In order to avoid the noise in the laser beam, the return beam must be isolated. To this end, an optical isolator is used. An optical circulator also has a function similar to that of the optical isolator. Basically, the optical isolator is required to be high in isolation characteristic or quenching ratio of the return beam and to be suppressed in transmission loss or insertion loss of an incident light beam.
An existing optical isolator comprises a Faraday rotator of, typically, a thick film of magnetic garnet and a pair of polarizing elements arranged on both sides of the Faraday rotator. Specifically, one of the polarizing elements is arranged at a light-input side of the Faraday rotator and serves as a polarizer while the other polarizing element is arranged at a light-output side and serves as an analyzer. Around the Faraday rotator, a cylindrical permanent magnet such as a rare-earth magnet is disposed and serves as a field-application magnet which generates a magnetic field for magnetizing the magnetic garnet thick film of the Faraday rotator in one direction. An isolator casing made of stainless steel surrounds the permanent magnet. Typically, the above-mentioned optical elements and the permanent magnet are fixed to the isolator casing through a holder by bonding using adhesive, solder, laser welding, or the like.
Most of commercially available magnetic garnet thick films for use as a magnetic material of the Faraday rotator is high in saturation magnetization. Since the field-application magnet is required to have a magnetic field strength sufficient to fully magnetize the magnetic garnet thick film as the Faraday rotator in the one direction, the rare-earth magnet such as a samarium-cobalt (Sm—Co) magnet having a high in performance is usually used as the field-application permanent magnet. Since the rare-earth permanent magnet is expensive, the use of the rare-earth magnet for the field-application magnet inevitably increases the cost of the optical isolator as a whole.
As described above, the existing optical isolator inculdes the permanent magnet as the field-application magnet, the holder and the isolator housing which occupy a relatively large space, the optical isolator as a whole is difficult to be reduced in size.
The holder used as the mounting structure of the optical isolator holds the permanent magnet and covers the optical elements for the purpose of reinforcement and protection of the optical elements from external shock. In case where the optical isolator is connected to an optical fiber, another holder having a sleeve is also used for mounting the optical isolator at an end of a ferrule for holding an optical fiber.
In assembling the existing optical isolator which has a plurality of the optical elements, the field-application magnet, the holder and the isolator casing are arranged, much time and labor are required. Therefore, a production cost inevitably becomes high.

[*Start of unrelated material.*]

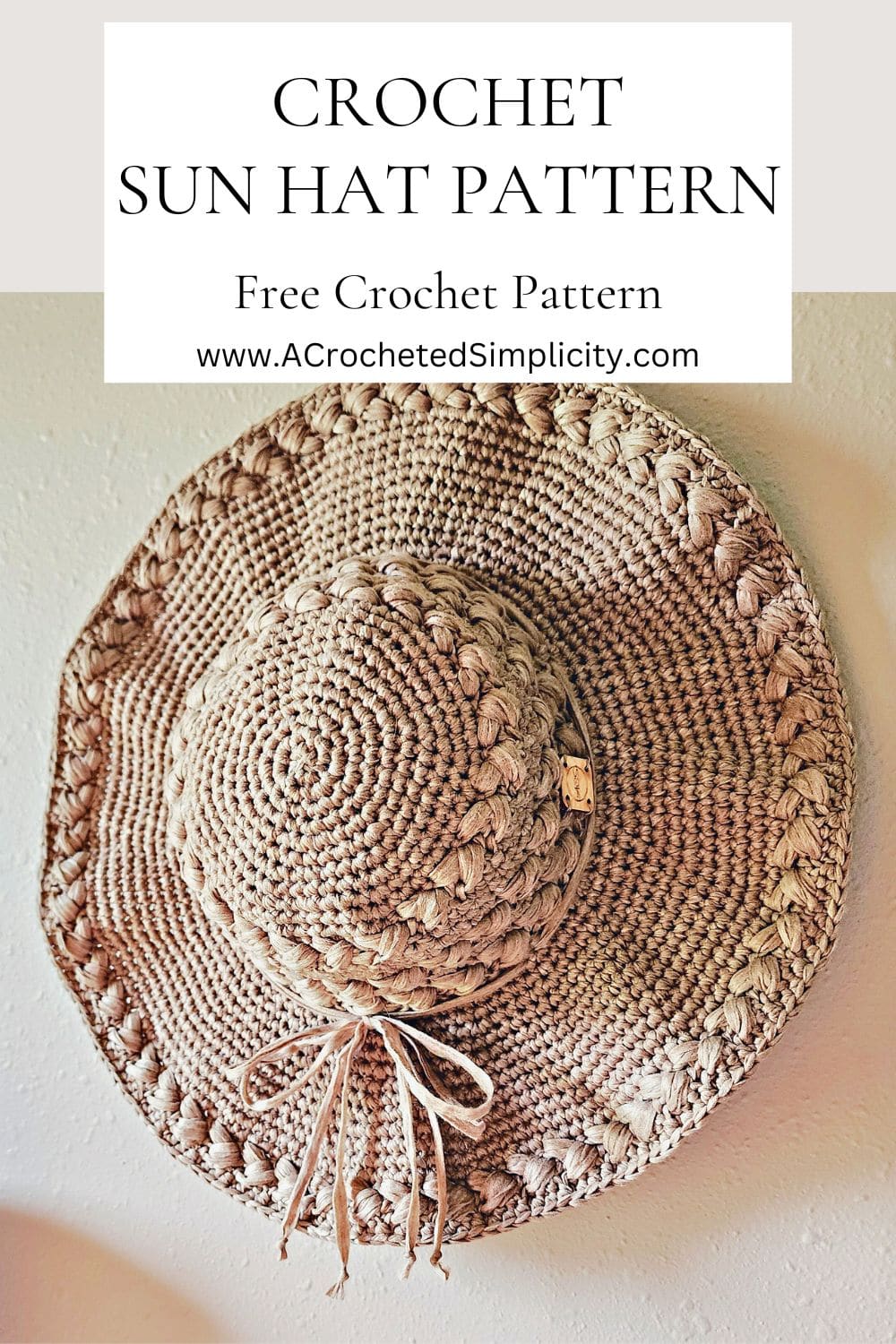 Beige crochet sun hat with braided puff stitches hanging on a wall.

Furthermore, in case where the Sm—Co magnet, which is a typical rare-earth magnet, is used as the field-application permanent magnet, the Sm—Co permanent magnet is required to have a sufficient thickness. This is because the Sm—Co magnet is hard and brittle and is therefore difficult in machining. In addition, the holder is required to support the permanent magnet. Therefore, an outer diameter of the optical isolator as a whole becomes relatively large. In this event, the optical isolator can not be assembled in the sleeve holder to be mounted to the ferrule of a small diameter in case where the optical isolator is connected to the optical fiber.
In addition, the optical isolator is often desired to be used in an optical waveguide, an optical device, an optical module, or an optical system. In that case, it is also required for reduction in size and cost. However, the existing optical isolator of the above-mentioned structure is difficult in reduction in size and cost.

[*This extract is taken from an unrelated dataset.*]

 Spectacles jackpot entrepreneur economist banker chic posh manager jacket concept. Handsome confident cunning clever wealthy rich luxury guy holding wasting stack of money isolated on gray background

DISCLOSURE OF THE INVENTION
It is a primary object of this invention to provide an optical isolator which comprises a high-performance low-cost magnet as a field-application magnet for applying a magnetic field to a Faraday rotator and which can be reduced in size and cost of the optical isolator as a whole.
It is another object of this invention to provide an optical isolator which is easy in assembling and which can readily and effectively be incorporated into an optical component, an optical waveguide, an optical device, an optical module, or an optical system.

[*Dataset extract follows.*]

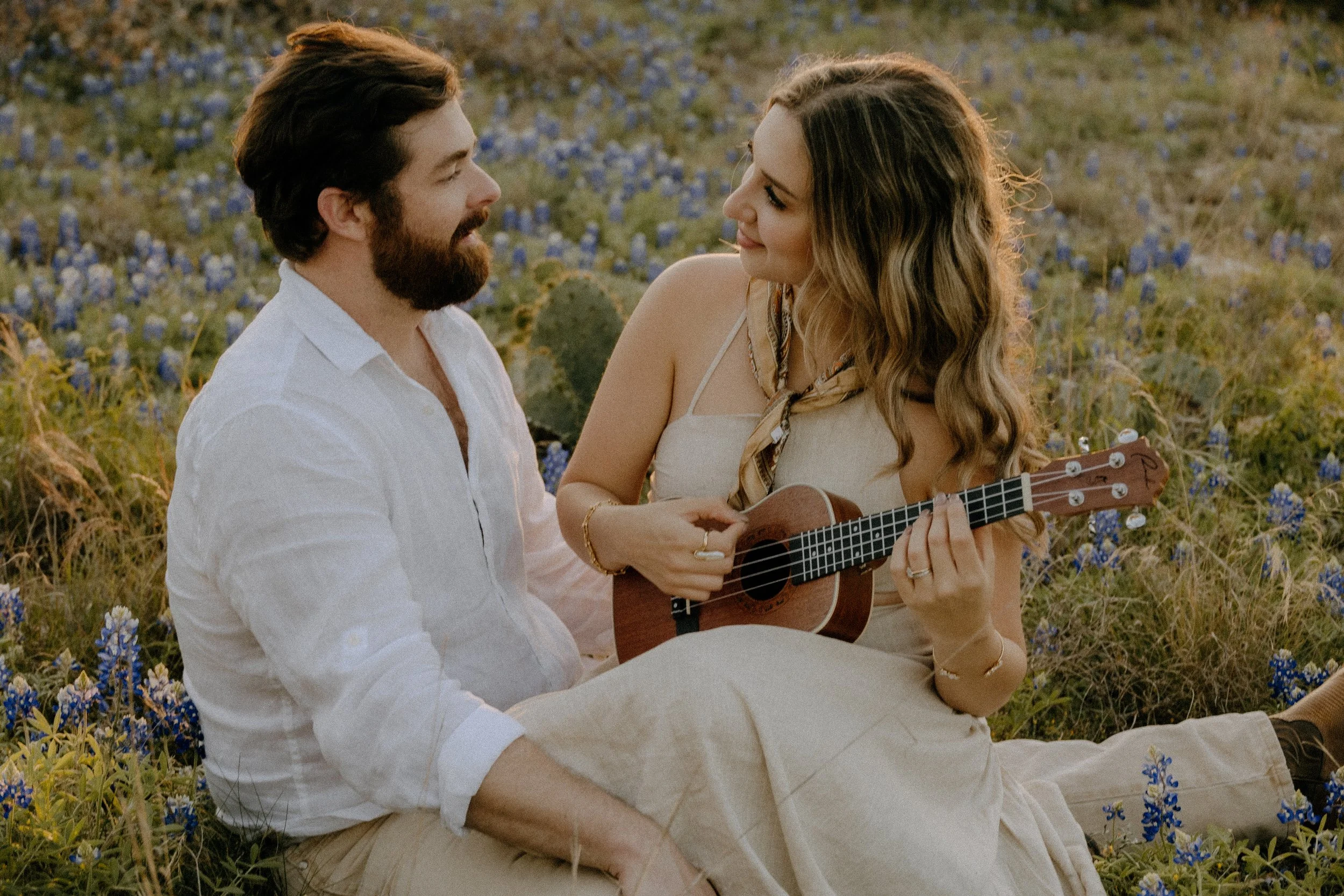 Houston & Texas Family, Couples, Newborn, Maternity, Bridal Photography – Couple seated close, guitar detail in Austin TX portraits.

According to this invention, there is provided an optical isolator which includes a Faraday rotator of a magnetic garnet thick film and a field-application magnet for generating a magnetic field applied to magnetize the magnetic garnet thick film, wherein the field-application magnet is a selected one of an iron-chromium-cobalt (Fe—Cr—Co) magnet, a Cunife magnet made of a copper-nickel-iron (Cu—Ni—Fe) alloy, a platinum (Pt) alloy magnet made of a Pt—Co alloy or a Pt—Fe alloy, and Cunico magnet made of a copper-nickel-cobalt (Cu—Ni—Co) alloy.
In the optical isolator mentioned above, one of the Fe—Cr—Co magnet, the Cunife magnet, the Pt alloy magnet, and the Cunico magnet is used as an isolator casing.
In the optical isolator mentioned above, the selected one of the Fe—Cr—Co magnet, the Cunife magnet, the Pt alloy magnet, and the Cunico magnet has a cylindrical shape, a rectangular-frame shape, or a U-frame shape.
In the optical isolator mentioned above, the field application magnet is made of the Fe—Cr—Co magnet having a dimension such that the relationship t·(S)
−½
≧0.7 is satisfied where t represents the length of the magnet in the magnetizing direction and S represents a sectional area of the magnet in a plane perpendicular to a magnetizing direction thereof.
In the optical isolator mentioned above, the field-application magnet is made of one of the Cunife magnet, the Pt alloy magnet, and the Cunico magnet which has a dimension such that the relationship t·(S)
−½
≧0.4 is satisfied.
In the optical isolator mentioned above, the magnetic garnet thick film is a Bi garnet thick film which is formed by at least one of a GdBi garnet film and a TbBi garnet film prepared by liquid-phase epitaxial growth.
In the optical isolator mentioned above, the field-application magnet which is one of the Fe—Cr—Co magnet, the Cunife magnet, the Pt alloy magnet, and the Cunico magnet satisfies the relationship Hm/4&pgr;Ms≧0.7 where Hm (Oe) represents the maximum magnetic field generated in a cavity of said magnet and 4&pgr;Ms (G) represents the saturation magnetization for the Bi garnet thick film.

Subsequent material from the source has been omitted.